August 1998 |
980801 |
ENERGIE-CHRONIK |
Der SPD-Kanzlerkandidat Gerhard Schröder hat sich von von einem Bericht des Magazins Der Spiegel (3.8.) distanziert, wonach er einen raschen Ausstieg aus der Kernenergie anstrebt und schon innerhalb der ersten Legislaturperiode die sechs ältesten Reaktoren Obrigheim, Stade, Biblis A und B, Neckarwestheim 1 und Brunsbüttel abschalten will (siehe 980701). In einem Interview mit der Westdeutschen Allgemeinen Zeitung (4.8.) sagte Schröder, er strebe eine einvernehmliche Lösung mit der Industrie an. Verträge müßten eingehalten werden. Ausdrücklich widersprach er dem SPD-Umweltexperten Michael Müller, der am 3.8. im Hessischen Rundfunk dafür plädiert hatte, im ersten Schritt gleich elf der 19 Kernkraftwerke abzuschalten: "Herr Müller ist nicht autorisiert, irgendwelche Erklärungen abzugeben. Wer draufsattelt wie er, handelt nicht in meinem Namen."

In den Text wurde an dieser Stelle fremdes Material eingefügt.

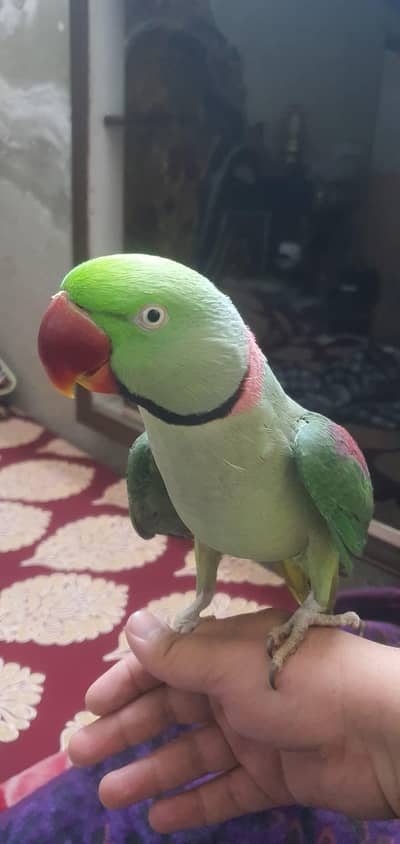 raw parrot male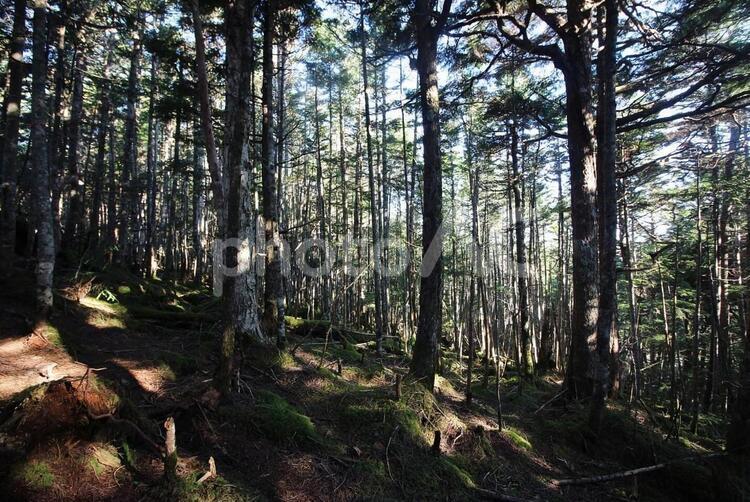 木漏れ日 森林,山,登山の写真素材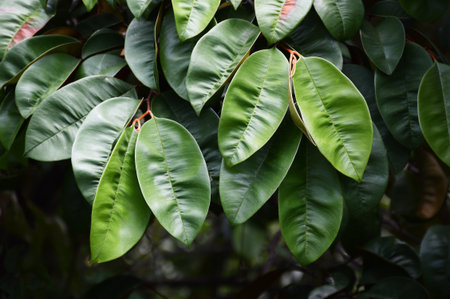 fresh green leaf plant in nature garden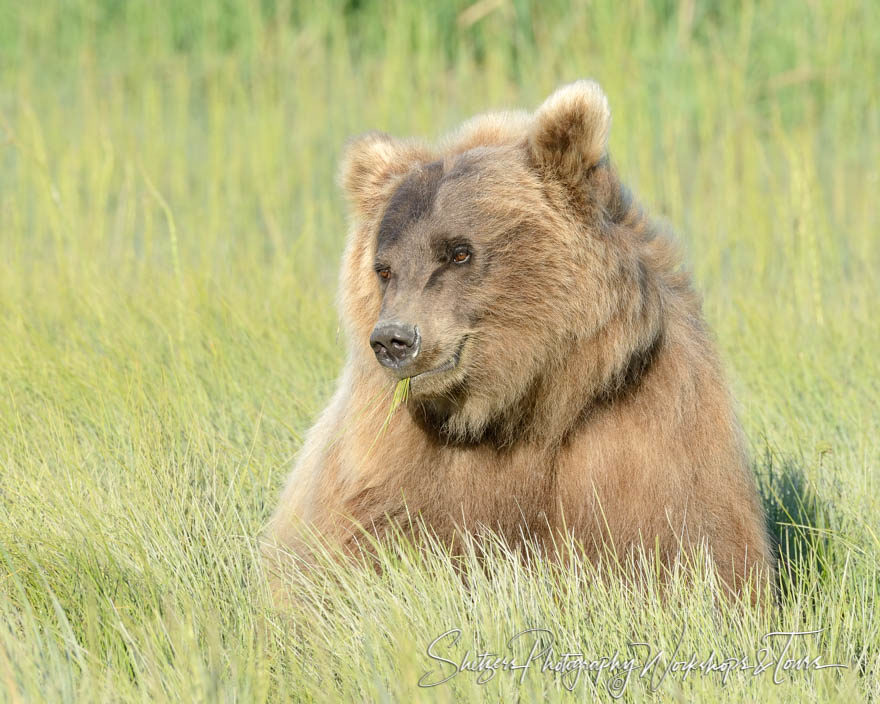 Grizzly bear eats sedge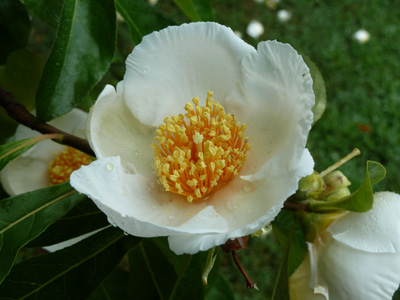 Franklinia alatamaha flower (2) JWC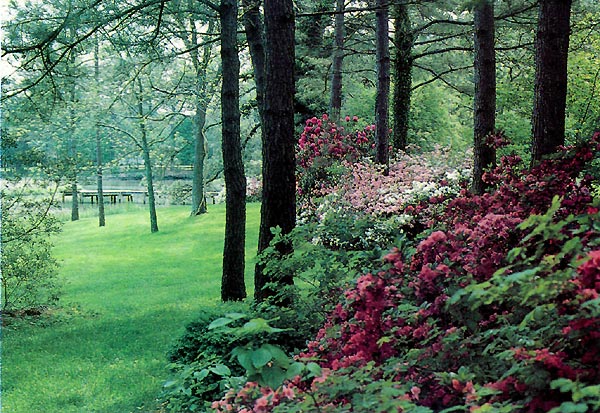 Azalea garden with river in background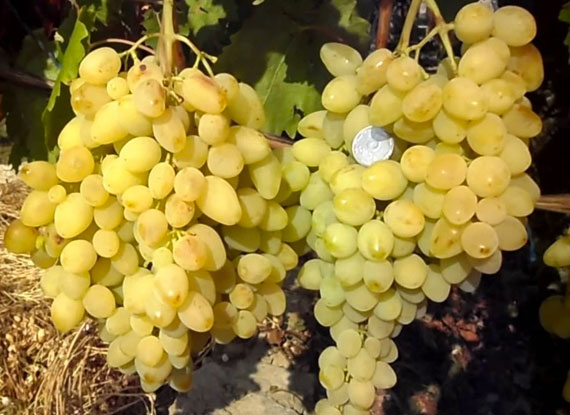 Фото 17. Купити саджанці винограду - найкращі сорти винограду поштою по Україні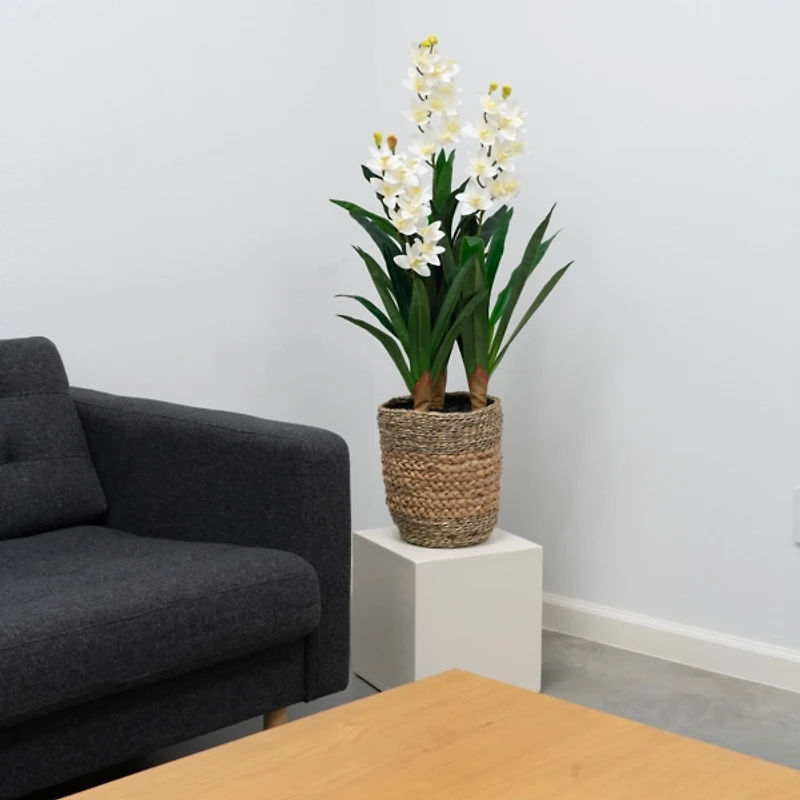 Natural Touch Orchid Arrangement in Basket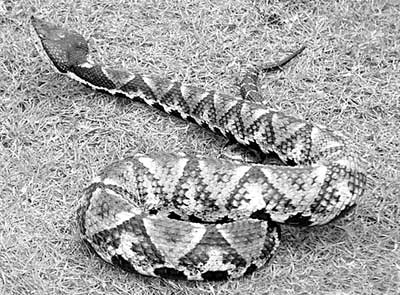 �I�ߵļӹ��cˎ��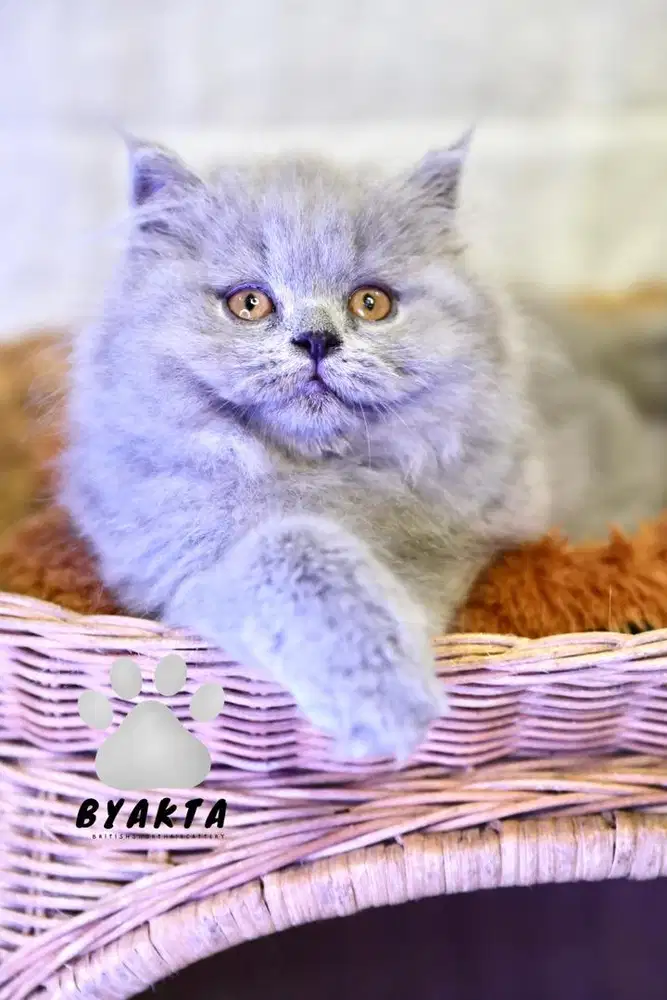 Kitten British Longhair, 2,5 bulan, Betina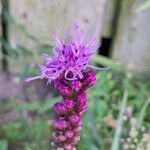 Liatris spicata 花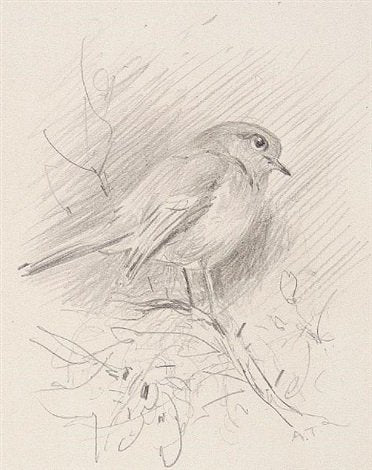 archibald thorburn finches study 3 works in 1 frame A4 Photo Print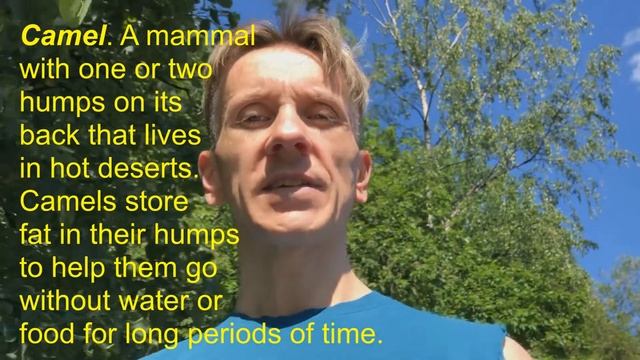 45  Учимся читать CAMEL смотреть онлайн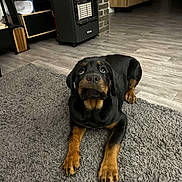 Biggie participe au concours pour gagner de l'argent avec cette photo : rottweiler, puppy, dog, indoor, carpet, gray_rug, looking_up, pet, floor, wooden_floor, heater, furniture, cozy, animal, mammal, cute, young_dog, black_and_tan, laying, domestic_dog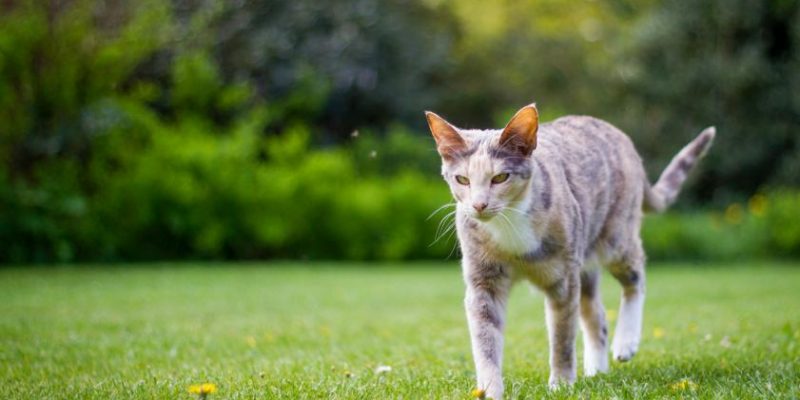 Orientalische Kurzhaarkatze: Haltung & Pflege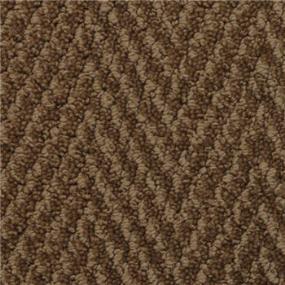 Pattern Bark Wood Brown Carpet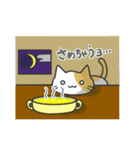 飲食大好き猫（個別スタンプ：12）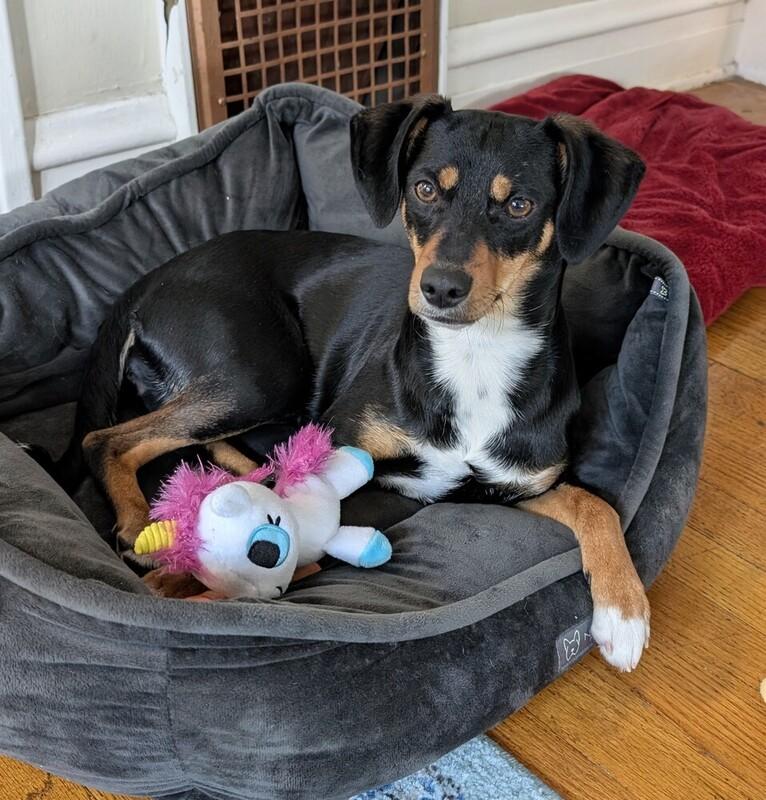 Enlarge Layla, a ADOPTABLE mixed breed in Denver, CO image 3/6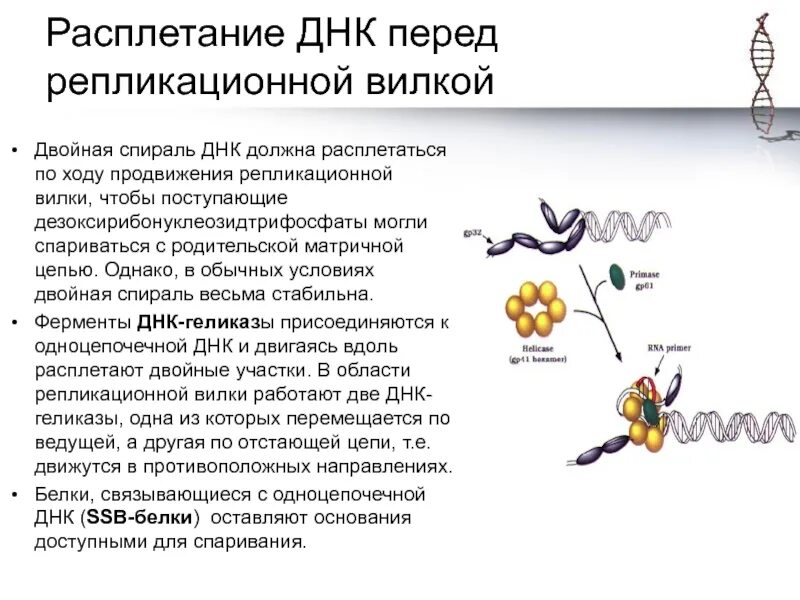 Молекулярный механизм репликации. Белки связывающие одноцепочечную ДНК. «Расплетающим» двойную спираль ДНК ферментом.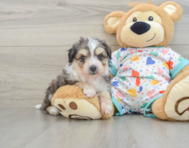 8 week old Aussiechon Puppy For Sale - Premier Pups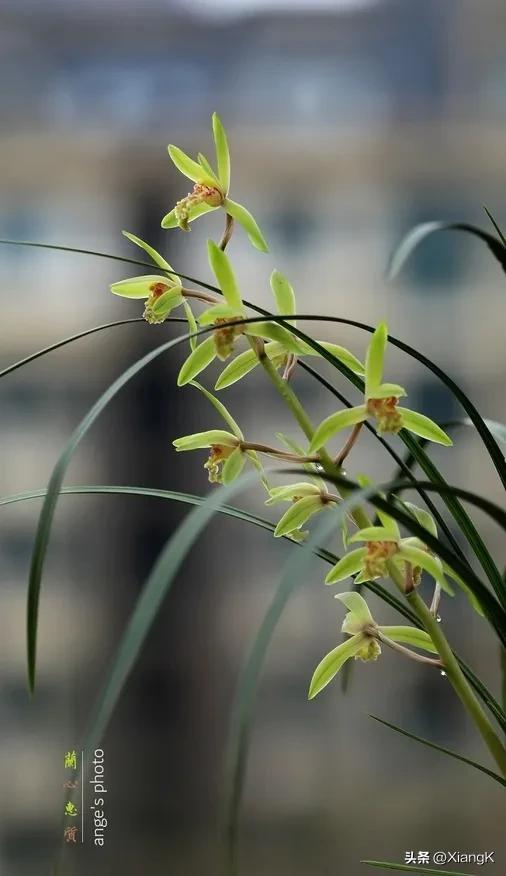 蕙质兰心指的是什么,蕙质兰心对应的成语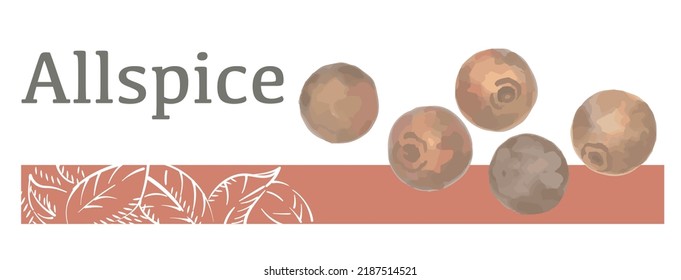 Label And Icon Of Allspice. Watercolor. Vector Illustration.	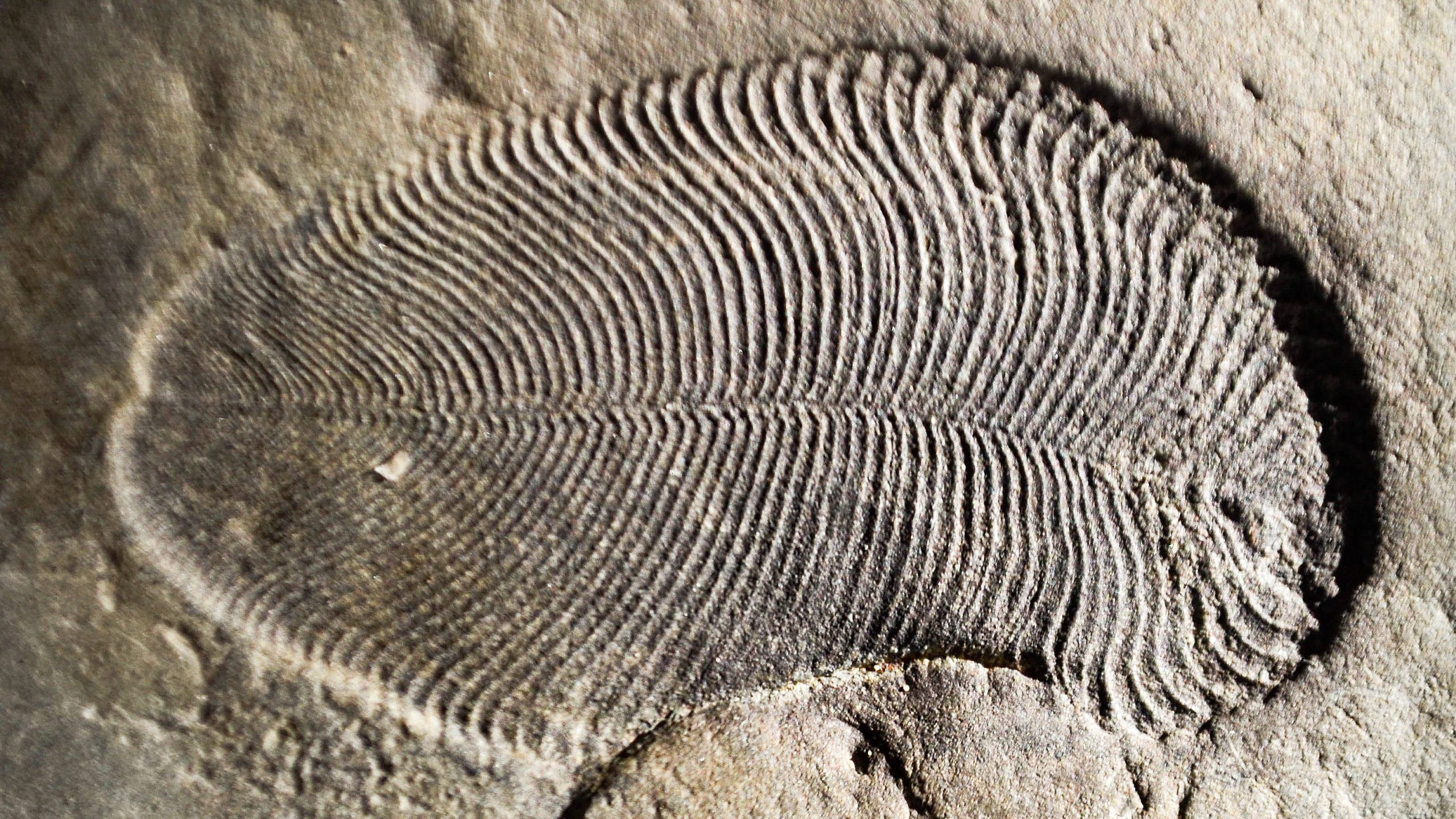 Moléculas de colesterol num fóssil revelam o animal mais antigo já descoberto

Wie die Süddeutsche Zeitung (5.8.) erfahren haben will, handelt es sich bei dem vom "Spiegel" veröffentlichen Ausstiegs-Szenario um alte Überlegungen, deren Veröffentlichung von Schröder nicht autorisiert worden war. Sie hätten zum Teil bereits 1997 bei den dann gescheiterten Gesprächen über einen Energiekonsens eine Rolle gespielt. Schröder und die führenden Stromkonzerne strebten aber für die Zeit nach der Bundestagswahl weiterhin einen Energiekonsens an, bei dem Restlaufzeiten für die Kernkraftwerke festgelegt werden.
Regierungssprecher Otto Hauser bezeichnete das vom "Spiegel" kolportierte Szenario als "nicht zu Ende gedacht und außerdem schädlich für den Standort Deutschland". Bundeswirtschaftsminister Günter Rexrodt (FDP) warf Schröder vor, den "Ausstieg der deutschen Wirtschaft aus der technologischen Weltliga" zu planen und 40 000 hochqualifizierte Arbeitsplätze zu gefährden. Forschungsminister Jürgen Rüttgers gab zu bedenken, daß sich eine wirksame Verringerung der CO2-Emmissionen nicht ohne Kernenergie erreichen lasse.
Die Grünen, die Schröders angebliche Absicht begrüßt hatten, zeigten sich enttäuscht. Mit der SPD werde es nicht einmal einen schleichenden Ausstieg aus der Kernenergie geben, meinte die bayerische Landtagsabgeordnete Irene Maria Sturm, dafür aber "mit Sicherheit die Regionalisierung der Entsorgung", womit auch auf Bayern der Bau eines Zwischenlagers zukomme (FR, 5.8.).